## DIRECTIONS
All the data should be repeated exactly. Any image in it is left out.

## RECORDED INFORMATION
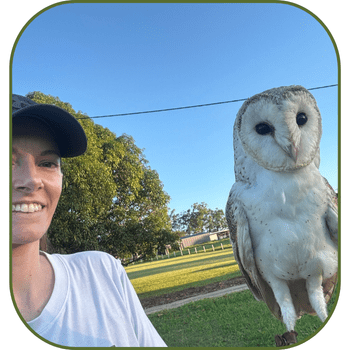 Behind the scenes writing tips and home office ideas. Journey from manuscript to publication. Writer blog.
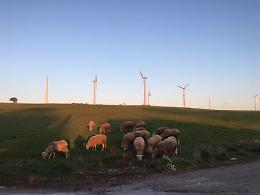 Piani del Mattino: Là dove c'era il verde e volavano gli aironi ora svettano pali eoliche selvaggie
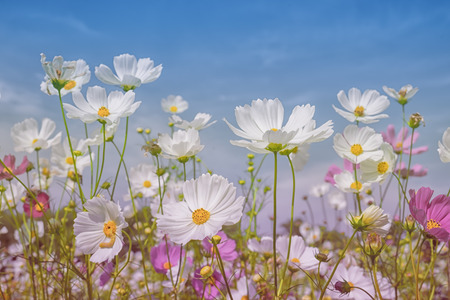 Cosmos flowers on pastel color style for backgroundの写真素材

## TASK SOLUTION
 Behind the scenes writing tips and home office ideas. Journey from manuscript to publication. Writer blog.
 Piani del Mattino: Là dove c'era il verde e volavano gli aironi ora svettano pali eoliche selvaggie
 Cosmos flowers on pastel color style for backgroundの写真素材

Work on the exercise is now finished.